Я видел булавку. Это была не простая булавка. Вместо обычной булавочной головки у неё был маленький бриллиант. А на нём, окружая его небольшим прозрачным ореолом, жила капля воды. Жила не сама по себе – это была моя жизнь. Булавку окружал белый свет. Казалось, что не существует больше ничего, кроме булавки и света. Но я знал, что там, внизу, есть пол. Белый кафельный пол. Медленно, очень медленно наклонился блестящий стержень булавки, капля воды сорвалась с бриллианта и полетела вниз. Она слетела с блестящего камня полностью, не оставив и следа, и в полёте осталась цельной, не раздробилась на сотни мелких капелек, не разбилась на части… Но в конце концов она ударилась об пол. И я открыл глаза. Головная боль. Надо мной стояли ОНИ в белых халатах и марлевых повязках.

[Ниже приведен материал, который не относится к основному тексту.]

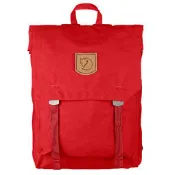 瑞典Fjallraven小狐狸Foldsack No.1 G1000信封式復古後背包/信封包24210-320Red紅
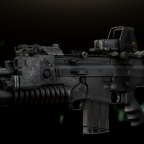 MK-17 SP Black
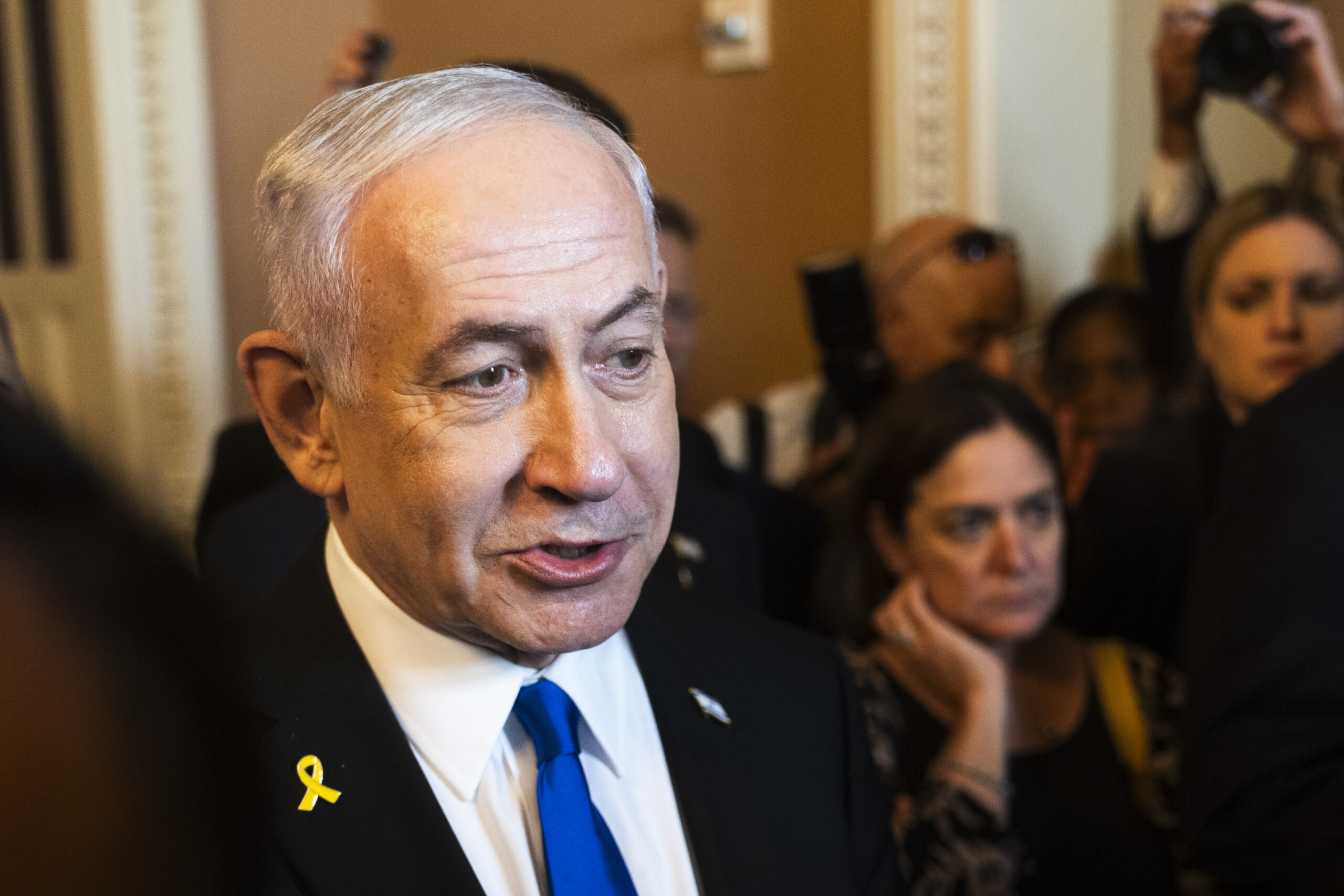 syrie netanyahu sentretient avec katz et le chef de larmee israelienne inquietudes pour la communaute druze scaled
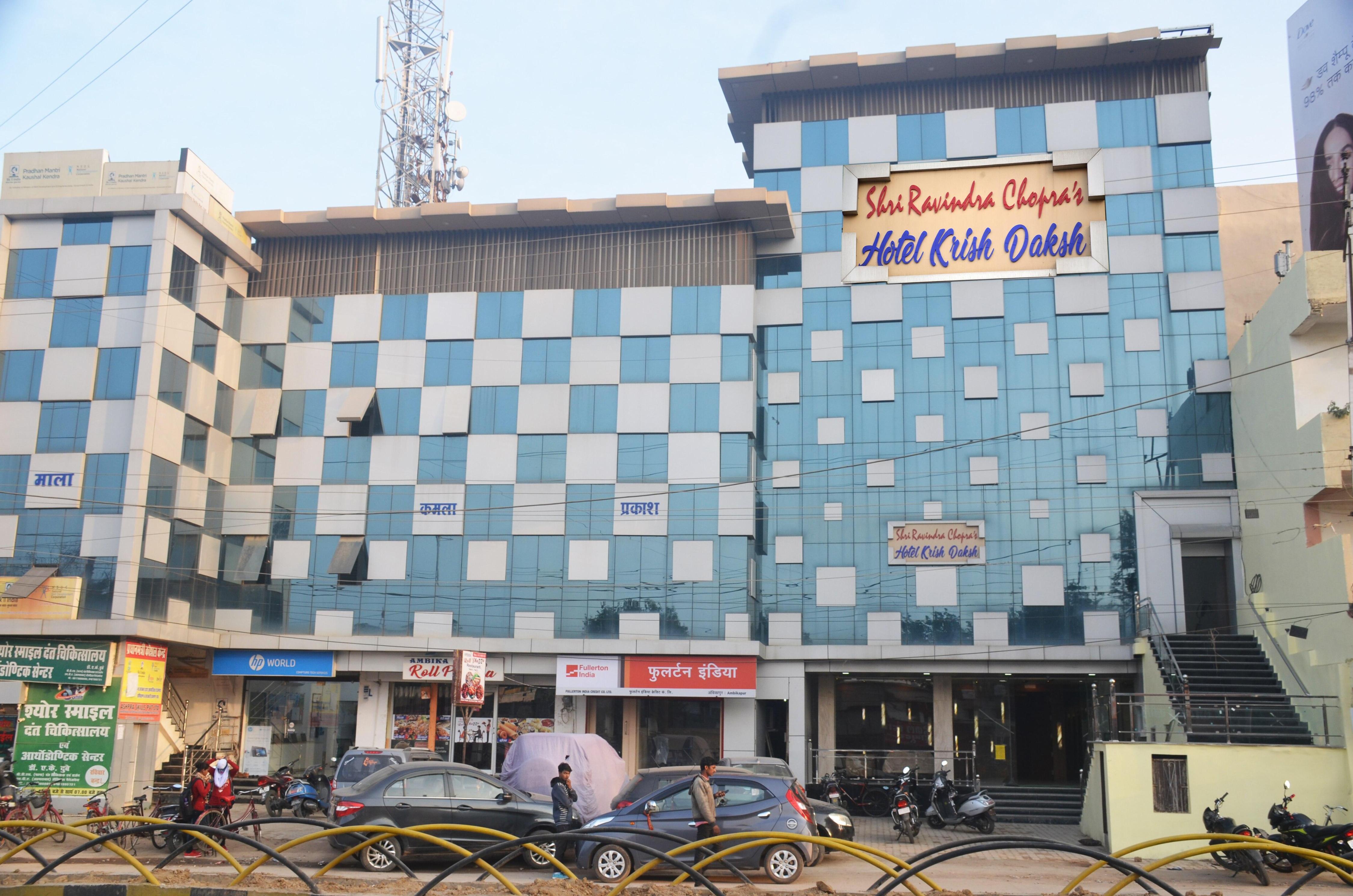 HOTEL R KRISH DAKSH - HOTEL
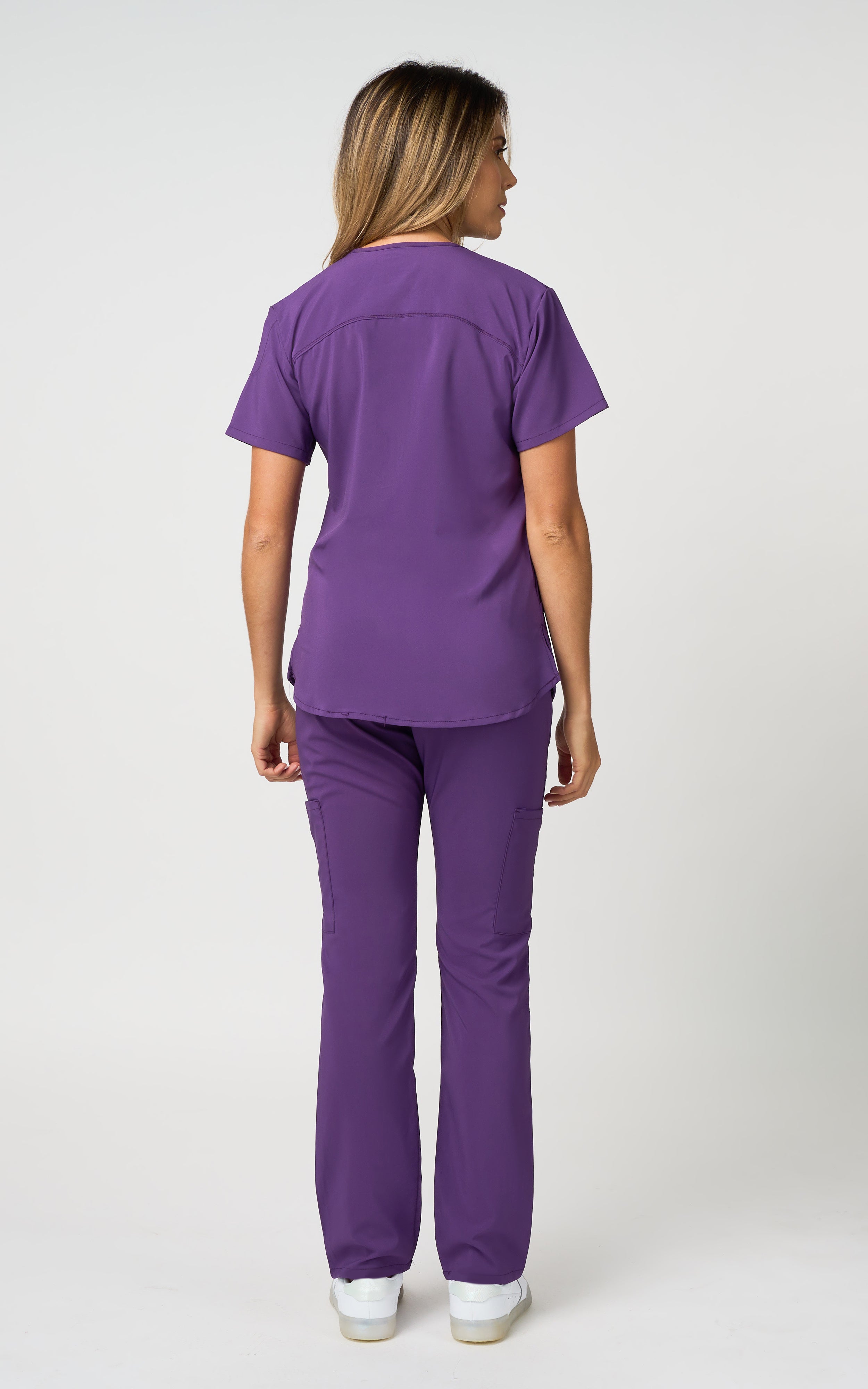 CORAL 1323 EGGPLANT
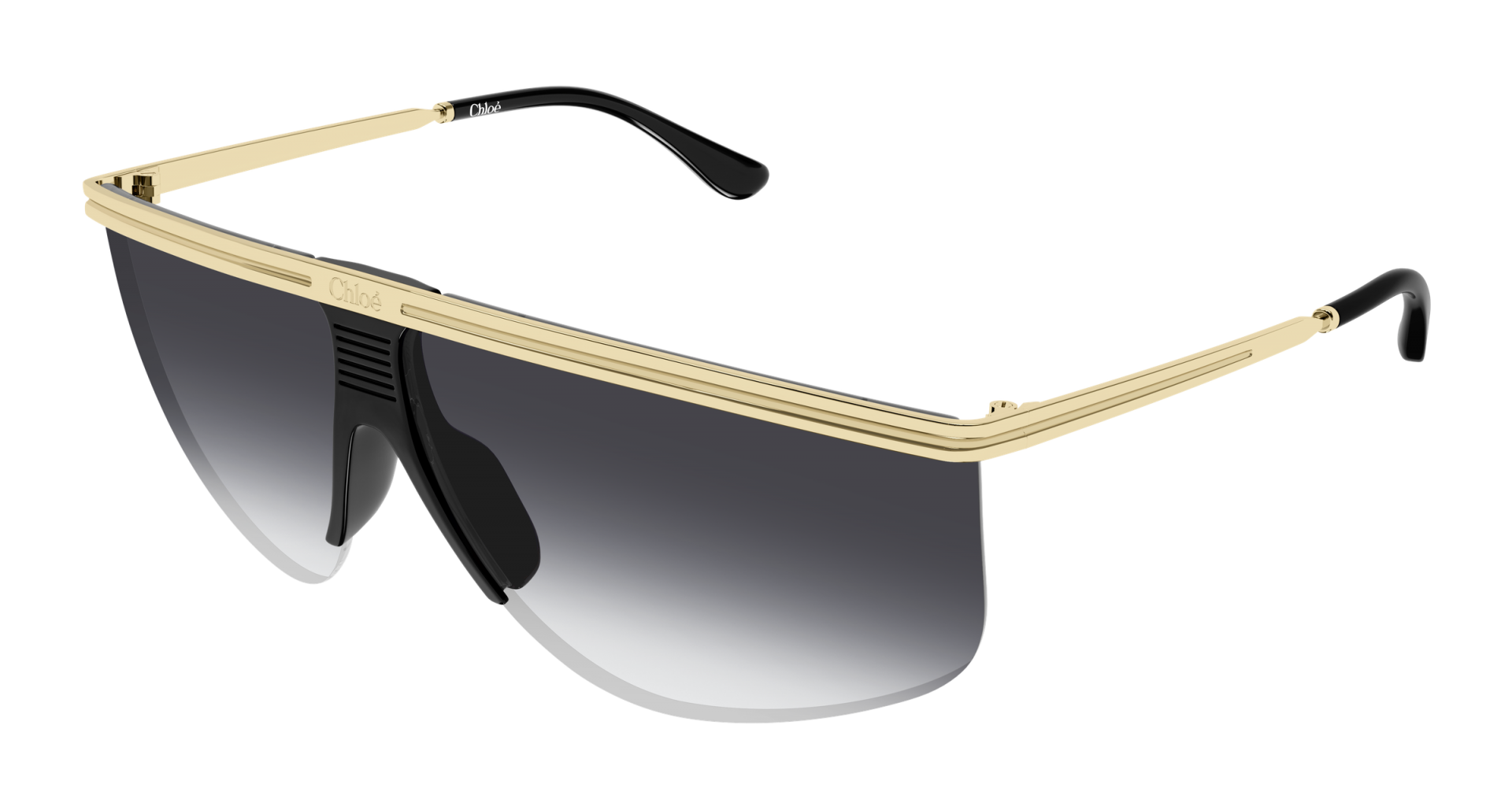 Occhiali da sole Bottega Veneta BV1390S 001 8056376574630 | Ottica Lux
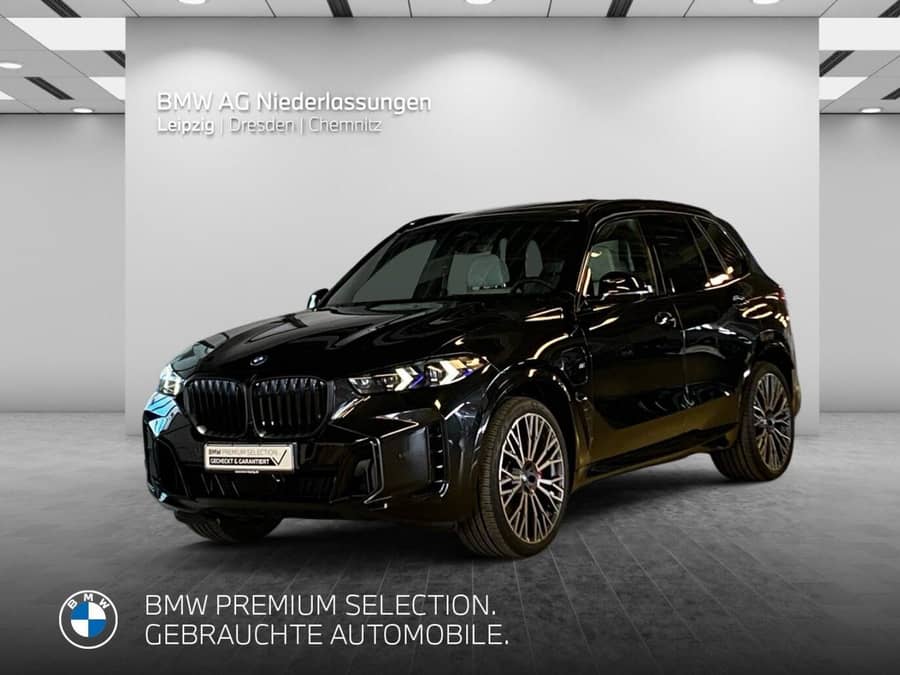 BMW X5 Automată 489 HP Hibrid (B/E) — fotografie 1 din 7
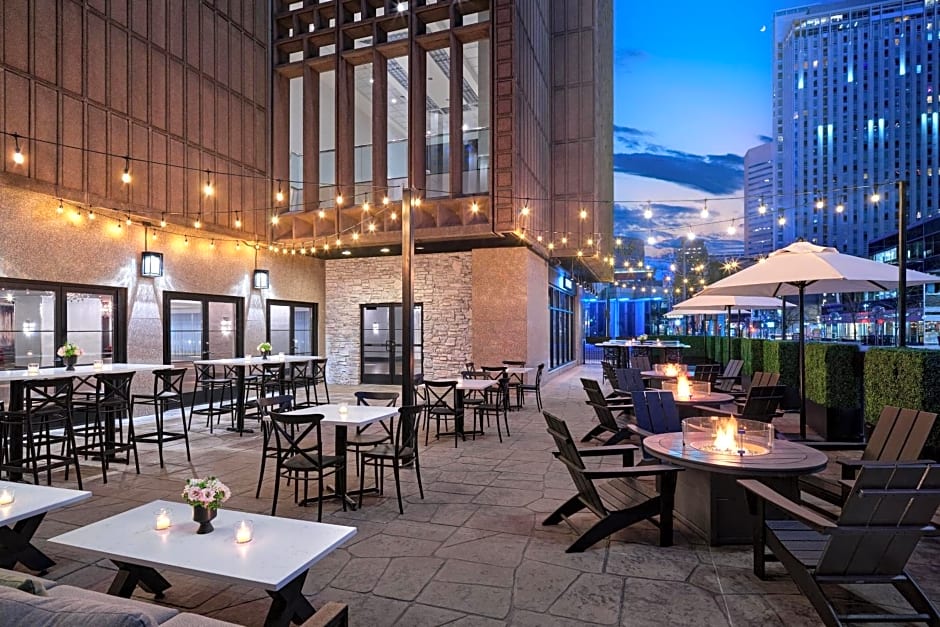Sheraton Denver Downtown Hotel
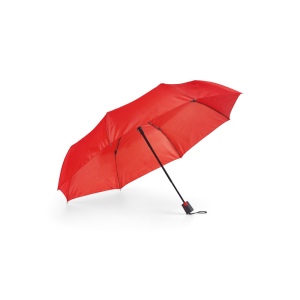 TOMAS. Parapluie pliable en polyester 190T avec ouverture automatique 3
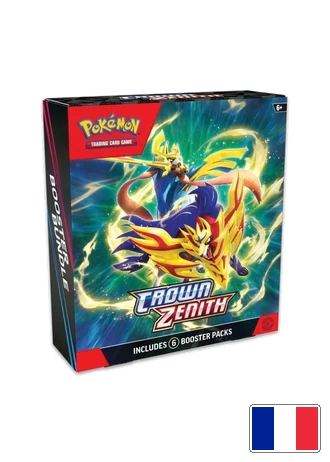 Zénith Suprême Booster Bundle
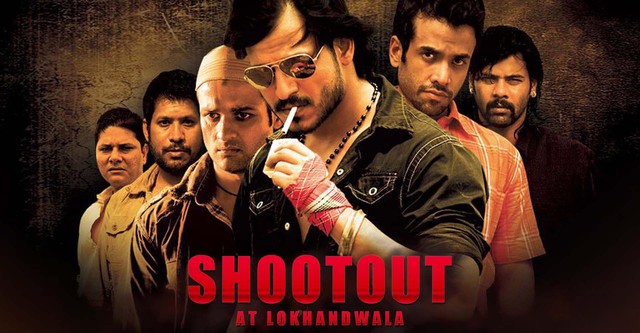 Shootout at Lokhandwala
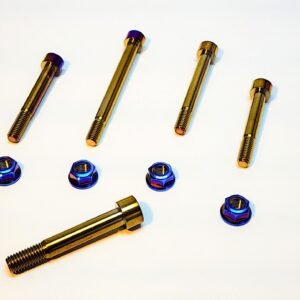 Talaria Titanium Bolt Linkage Kit (Collective)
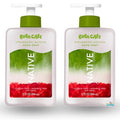 Native Strawberry Matcha Hand Soap (Limited Edition) 13 fl oz Duo, Sulfate Free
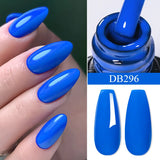 Hivava  -  7ml Cat Magnetic Gel Nail Polish Semi Permanent Dynamic Glitter Reflective Nail Gel Soak Off UV Gel Nail Art Varnish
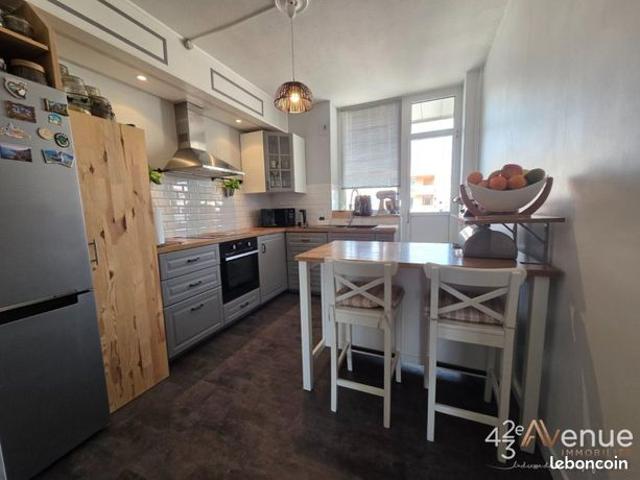 Appartement 6 pièces 146 m²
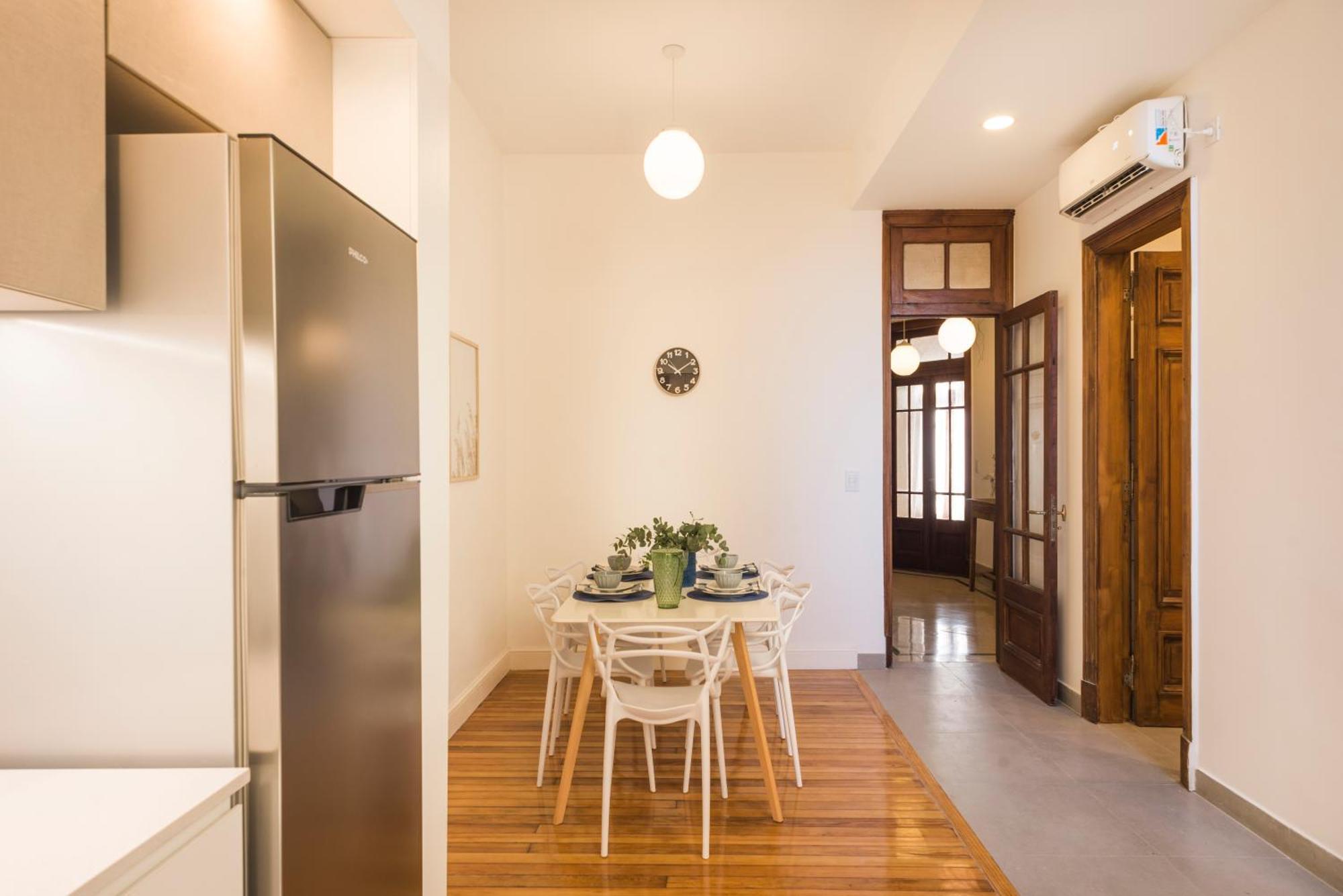 Upoint Floors Aparthotel Buenos Aires Bagian luar foto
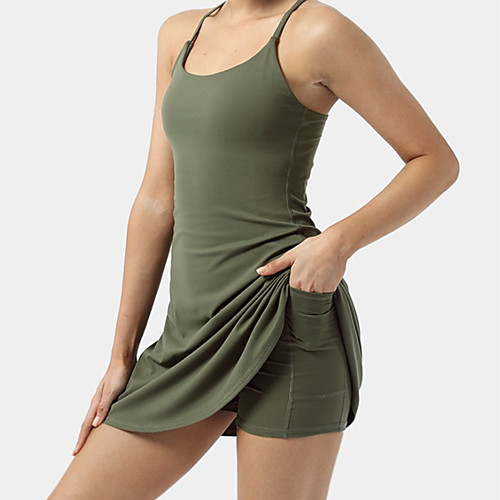 

Women's A Line Dress Short Mini Dress Blue Purple Blushing Pink Green Black Navy Blue Sleeveless Solid Color Backless Summer Boat Neck Casual Holiday 2021 S M L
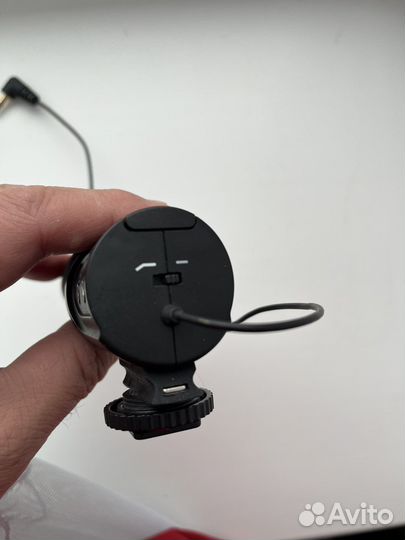 Микрофон для камеры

Голова иногда болела, чувствуя близкий снег. Было очень скользко, и я скользил. По льду, вперед, вперед, вперед. Как когда – то тогда, когда седые волосы ещё не спадали мне на плечи, когда я ещё надеялся, что мой Корабль прилетит за мной… А потом, я перестал надеяться. Я остался совсем один. И даже Ночь больше не разговаривала со мной, сегодня она оставила меня, предоставила меня на съедение белому городскому снегу. Наверное, не стоило так бежать по голому льду – ноги были уже не те, что тогда. Тогда, когда я жил, когда я верил… В чудо? И я упал, упал на мёрзлый тротуар, и лёг на землю. Пошел снег, и я чувствовал, как он засыпает меня, скользит по щекам, всё сильнее, сильнее.. И уже почти не тает. Это чувствовал я, тот, кто пришел сюда случайно, я, человек, всю жизнь мечтавший вернуться на Свою Звезду… Я, тот, кто не мог очистить Плащ Ночи, не смог погасить мёртвых ламп, которые зажгли ОНИ, кто так никогда и не нашел здесь ни Корабля, ни даже Тебя – Девушка с Алмазной Звезды.
Снег больше не таял. Тише. Тише. Глубже. Глубже. Глубже.

…Кругом, повсюду, куда бы я ни ступил, были ножи. Висели в воздухе, летели мне навстречу, извивались зеркальными паутинами. Я шел вперед, а они вонзались мне в грудь. Каждое моё действие, все сказанные мною слова, все мои поступки были ножами. Постепенно, шаг за шагом, тёмный коридор становился всё уже, мрак – гуще, врезавшиеся наглухо клинки – острее. Но я не останавливался. Собственно, даже если бы я остановился, ничего бы не изменилось. Ничего уже нельзя было изменить.. И теперь, где – то там, впереди, я уже различал дверь.